The upcoming CBC miniseries Everest chronicles the 1982 Canadian expedition to the top of the world's highest mountain. Surprisingly, the most arduous part of the film shoot was not scaling mountains, but sitting in tents.
"The stuff up on the mountain was easy compared to that," laughed Eric Johnson (Flash Gordon, Smallville), who plays Laurie Skreslet, the first Canadian to summit. "Being in your full Everest gear, your summit costume, while being in a tent inside a studio in Calgary in June ... . Don't sweat, because if you sweat on Everest, you're dead. I'm trying to get my pores to not work for me. I'm trying to get my pores to act for me. Those were the most challenging scenes."
Director Graeme Campbell (Instant Star, The Eleventh Hour) said the weather cooperated beautifully for the physically demanding but breathtakingly beautiful mountain scenes near Banff. "It might look like it was hard when you watch the movie, but that was magic."

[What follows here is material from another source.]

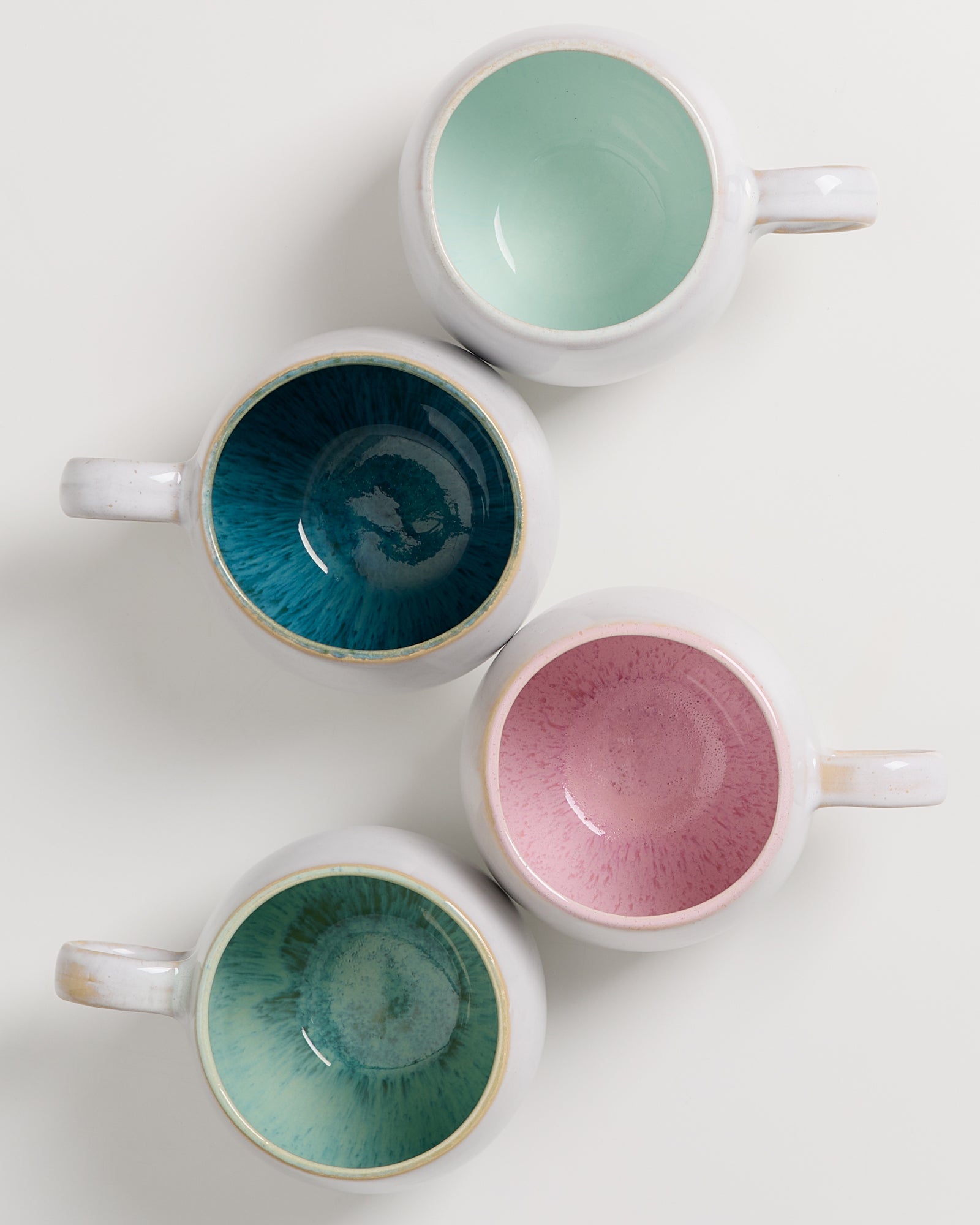 Vier Tassen in Weiß mit farbigem Innenleben in Mintgrün, Blau, Rosa und Grün auf einer weißen Oberfläche.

During an interview with TV, eh? on Blogtalkradio, the two men revealed that their small taste of that magic helped them understand why someone would embark on such a dangerous quest, one that saw four climbers perish before Skreslet and fellow Canuck Pat Morrow made it to the top.

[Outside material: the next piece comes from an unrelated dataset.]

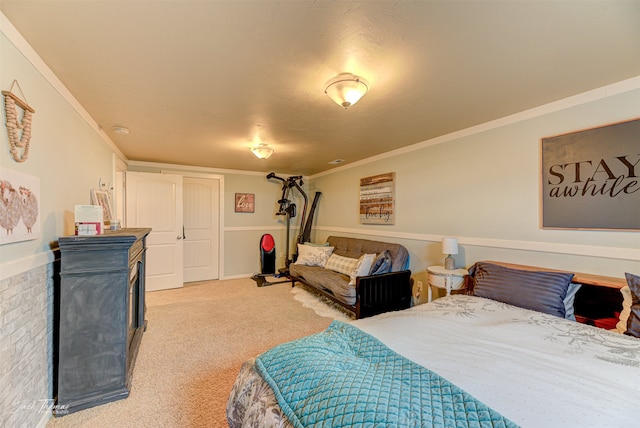 bedroom with light carpet and crown molding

"There's this amazing feeling when you're standing on top of a mountain, whether it's 5,000 feet or 10,000 feet or on Everest, where you feel like you're on top of the world and it's the most exhilarating feeling in the world," marvelled Johnson. "I'd never really understood. In preparation to do the movie, I thought you've got to be a little bit nuts to do this. You've got to be a little bit crazy. And then you get into it and you get the gear on and you start climbing, and you're climbing with a group of guys and it really becomes intoxicating and you just want to keep going up."